Data Protection for Baddies

Should Chris Packham’s admirable attempts to expose the cruelties of hunting in Malta be restrained by data protection law? And who is protected by the data protection exemption for journalism?

I tend sometimes to lack conviction, but one thing I am pretty clear about is that I am not on the side of people who indiscriminately shoot millions of birds, and whose spokesman tries to attack someone by mocking their well-documented mental health problems. So, when I hear that the FNKF, the Maltese “Federation for Hunting and Conservation” has

presented a judicial protest against the [Maltese] Commissioner of Police and the Commissioner for Data Protection, for allegedly not intervening in “contemplated” or possible breaches of privacy rules

with the claim being that they have failed to take action to prevent

BBC Springwatch presenter Chris Packham [from] violating hunters’ privacy by “planning to enter hunters’ private property” and by posting his video documentary on YouTube, which would involve filming them without their consent

My first thought is that this is an outrageous attempt to manipulate European privacy and data protection laws to try to prevent legitimate scruting of activities which sections of society find offensive and unacceptable. It’s my first thought, and my lasting one, but it does throw some interesting light on how such laws can potentially be used to advance or support causes which might not be morally or ethically attractive. (Thus it was that, in 2009, a former BNP member was prosecuted under section 55 the UK Data Protection Act 1998 (DPA 1998) for publishing a list of party members on the internet. Those members, however reprehensible their views or actions, had had their sensitive personal data unlawfully processed, and attracted the protection of the DPA (although the derisory £200 fine the offender received barely served as a deterrent)).

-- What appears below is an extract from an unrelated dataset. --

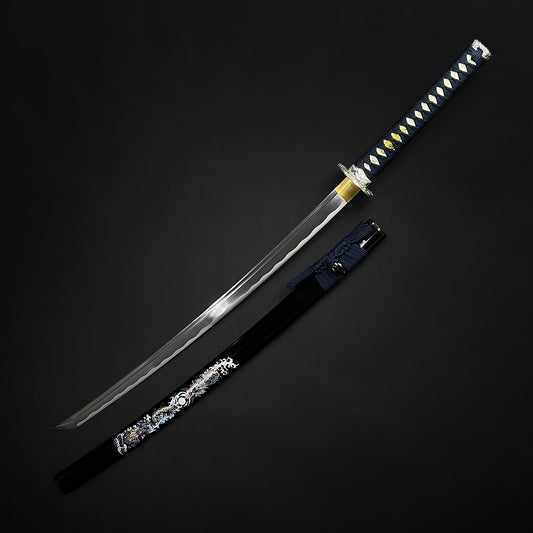 Order Musha Watatsumi Online Katana for Sale - Musashi Swords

I do not profess to being an expert in Maltese Data Protection law, but, as a member state of the European Union, Malta was obliged to implement Directive EC/95/46 on the Protection of Individuals with regard to the Processing of Personal Data (which it did in its Data Protection Act of 2001). The Directive is the bedrock of all European data protection law, generally containing minimum standards which member states must implement in domestic law, but often allowing them to legislate beyond those minimum standards.

It may well be that the activities of Chris Packham et al do engage Maltese data protection law. In fact, if, for instance, film footage or other information which identifies individuals is recorded and broadcast in other countries in the European Union, it would be likely to constitute an act of “processing” under Article 2(b) of the Directive which would engage data protection law in whichever member state it was processed.

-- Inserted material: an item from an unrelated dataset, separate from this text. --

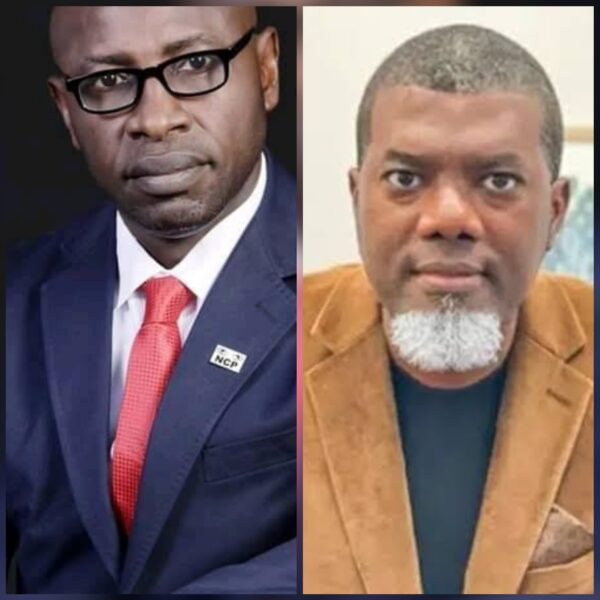 Alh. Tanko Yunusa and Reno Omokri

Data protection law at European level has a scope whose potential breadth has been described as “breath-taking”. “Personal data” is “any information relating to an identified or identifiable natural person” (that is “one who can be identified, directly or indirectly, in particular by reference to an identification number or to one or more factors specific to his physical, physiological, mental, economic, cultural or social identity”), and “processing” encompasses “any operation or set of operations which is performed upon personal data, whether or not by automatic means, such as collection, recording, organization, storage, adaptation or alteration, retrieval, consultation, use, disclosure by transmission, dissemination or otherwise making available, alignment or combination, blocking, erasure or destruction”.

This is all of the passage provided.